[Image-text web data]
--------
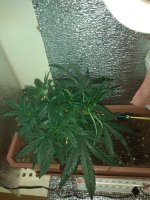 IMG_20180816_201054.jpg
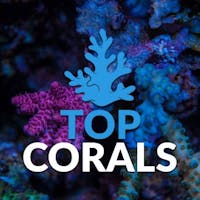Top Corals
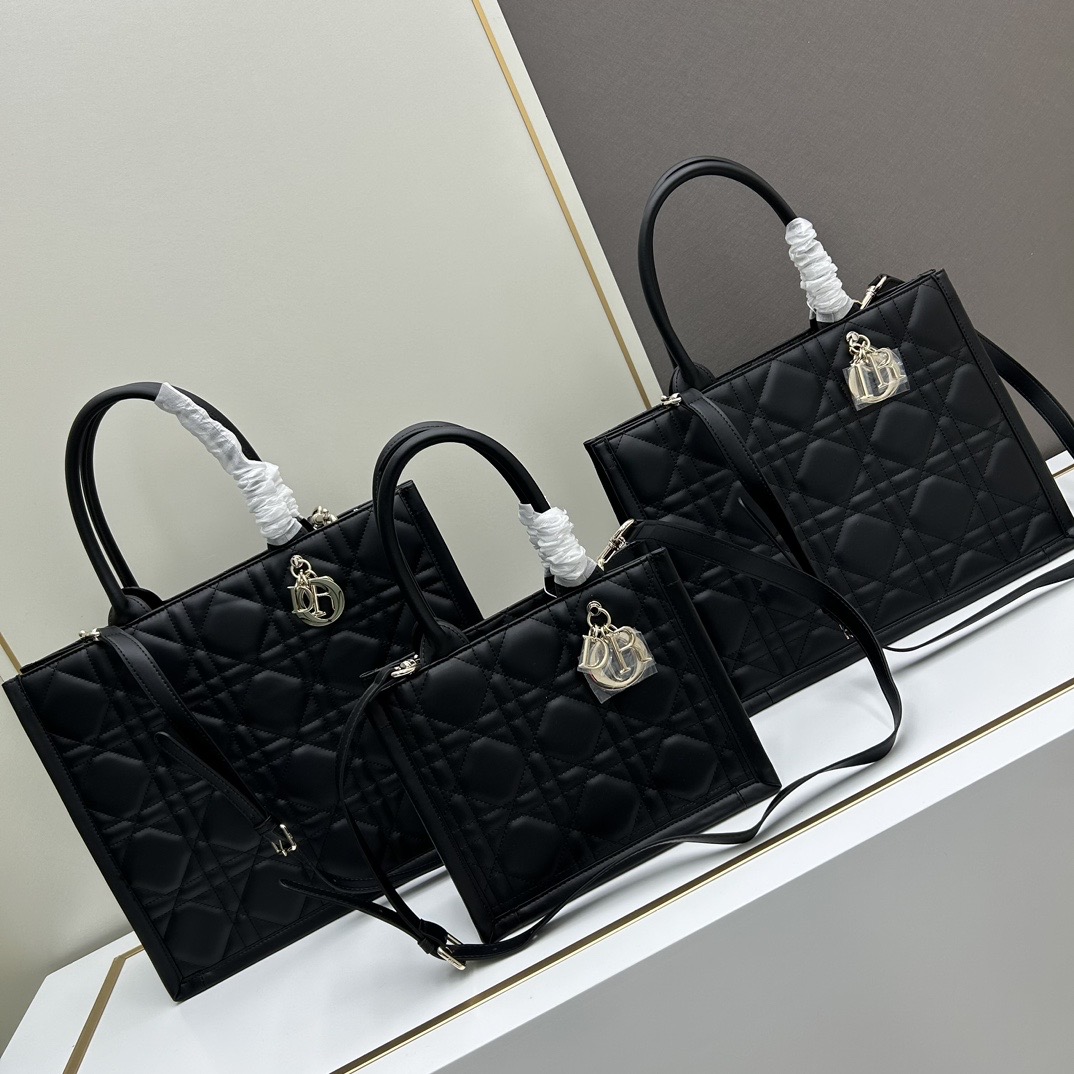 Dior Book Tote bag
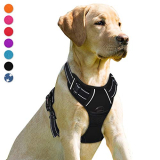BARKBAY No-Pull Dog Harness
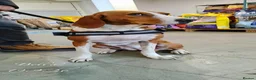 Mixed Breed dogs for adoption: Bella, 5 years approx. Available for adoption. in Brixham - Advert 12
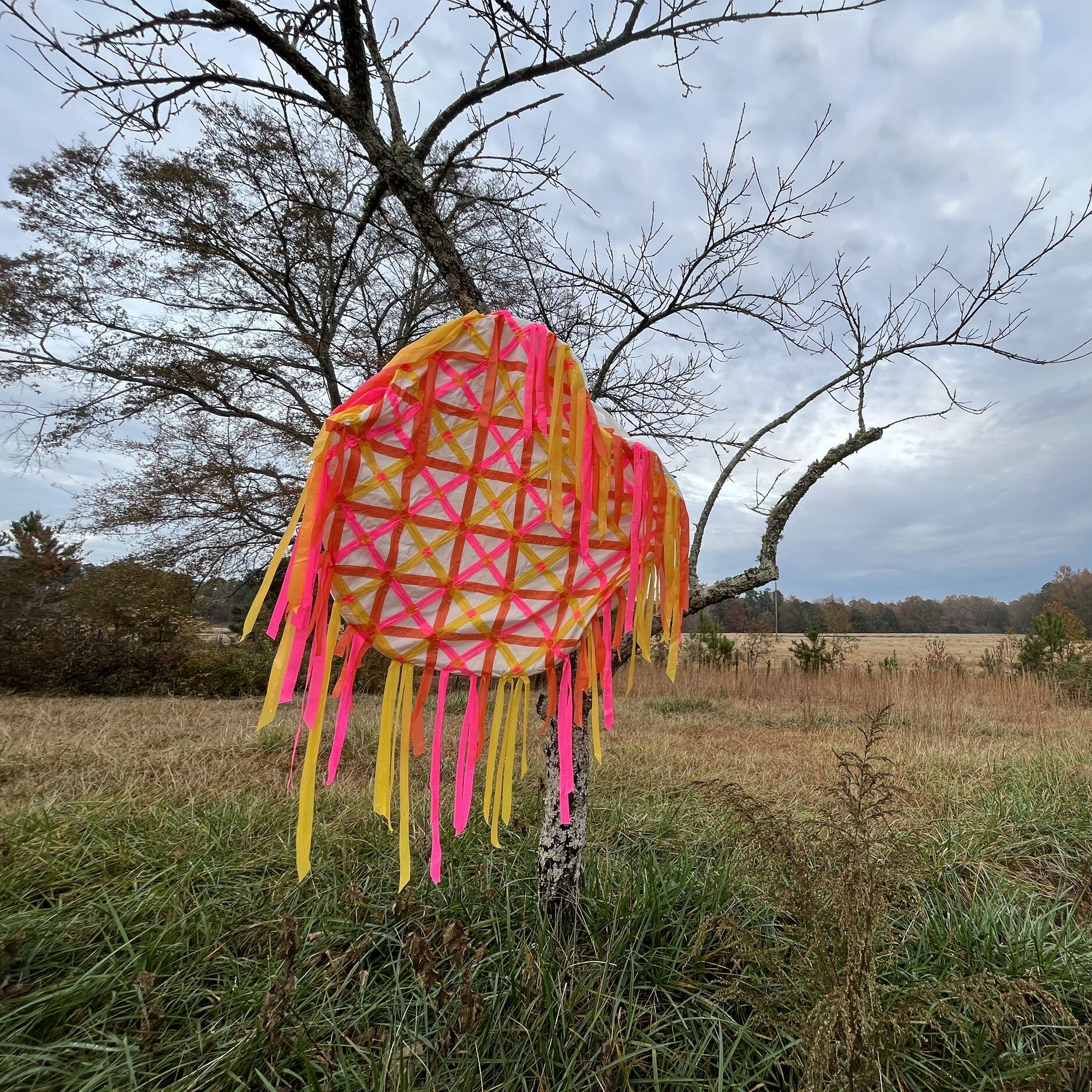 Katrina Ohstrom |  Swannatopia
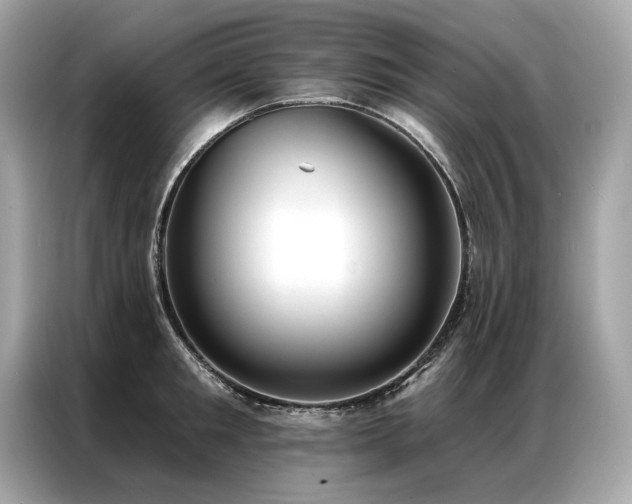 X0000087040901200704181213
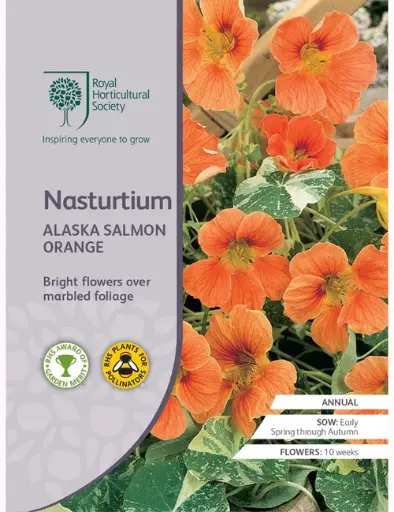 [4201] RHS Seeds - Nasturtium Alaska Salmon Orange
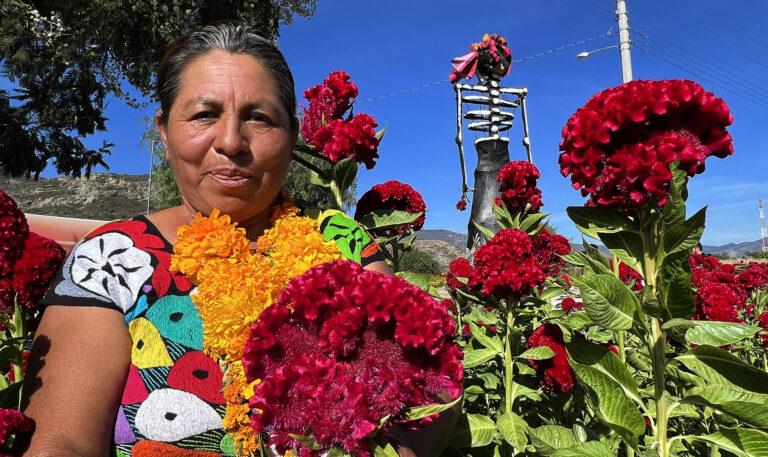 Sembradores de México esperan que el Día de Muertos les ayude a sobrevivir la sequía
--------
### ACTIVITY:
Exclude the pictures and give back the rest of the data above exactly as written.

### RESPONSE BELOW:
 IMG_20180816_201054.jpg
Top Corals
 Dior Book Tote bag
BARKBAY No-Pull Dog Harness
 Mixed Breed dogs for adoption: Bella, 5 years approx. Available for adoption. in Brixham - Advert 12
 Katrina Ohstrom |  Swannatopia
 X0000087040901200704181213
 [4201] RHS Seeds - Nasturtium Alaska Salmon Orange
 Sembradores de México esperan que el Día de Muertos les ayude a sobrevivir la sequía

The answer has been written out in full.